I have already been informed that the Preferred tier will be getting three new channels in conjunction with the removal of Starz: Epix 2, Epix Hits and Epix Drive-In (as well as Epix On-Demand content).



NashGuy said:


> Not sure what the reason was for pulling Cinemax from Digital Premier (though I suspect it has to do with the forthcoming HBO Max service). As for Starz, well, Comcast said back in August that they're considering dropping that service from their system completely once the current carriage contract lapses at the end of this year.
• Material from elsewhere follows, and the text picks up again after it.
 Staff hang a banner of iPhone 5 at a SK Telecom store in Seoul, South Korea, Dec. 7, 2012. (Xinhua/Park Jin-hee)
So de-bundling Starz from their packages would look to be a pre-cursor to that. (*My guess is that this is just a threat on Comcast's part, though, to try to drive down the rate they pay to distribute Starz under a new contract going forward. *Comcast reportedly accounts for about 30% of Starz's US subscriber base; losing them as a distribution partner would be *really* bad for them.)


That's my guess as well (or maybe it's just wishful thinking).



MichaelCoffin said:


> I just learned today that Comcast will also be yanking Starz from the Digital Premiere package (but they'll still carry it, for $12 more per month!) and *all of the Music channels are going away (perhaps replaced with some kind of radio station streaming service).* This is really getting ridiculous!
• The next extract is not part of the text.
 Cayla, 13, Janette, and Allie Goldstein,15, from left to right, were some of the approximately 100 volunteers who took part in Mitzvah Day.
Those Music Choice channels are not going away entirely; they are just moving to the Xfinity Stream app.


----------



## NashGuy (May 2, 2015)

chiguy50 said:


> I have already been informed that the Preferred tier will be getting three new channels in conjunction with the removal of Starz: Epix 2, Epix Hits and Epix Drive-In (as well as Epix On-Demand content).


Yeah, I was just coming back here to link to a story I just saw today, saying that Starz will be replaced by Epix in Digital Preferred:

Epix And Comcast Set Expanded Carriage Deal For Xfinity - Deadline

As part of this deal, Epix is going to launch a few new genre-themed library movie channels: ScreenPix; ScreenPix: Action; ScreenPix: Westerns; and ScreenPix: Voices. I suppose the idea is that those new channels will replace the similar Starz Encore channels. If Starz gets completely dropped from Comcast at year-end, Starz Encore will be going with it.
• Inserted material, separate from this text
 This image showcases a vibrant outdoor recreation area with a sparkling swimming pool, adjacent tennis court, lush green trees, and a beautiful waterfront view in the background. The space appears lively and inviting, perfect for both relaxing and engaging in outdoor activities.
Given that Comcast charges $12 for Starz a la carte but only $6 for Epix, you think they'll reduce the monthly price of Digital Preferred by $6? Heh, me either.


----------



## mschnebly (Feb 21, 2011)

chiguy50 said:


> I have already been informed that the Preferred tier will be getting three new channels in conjunction with the removal of Starz: Epix 2, Epix Hits and Epix Drive-In (as well as Epix On-Demand content).
> 
> That's my guess as well (or maybe it's just wishful thinking).
> 
> Those Music Choice channels are not going away entirely; they are just moving to the Xfinity Stream app.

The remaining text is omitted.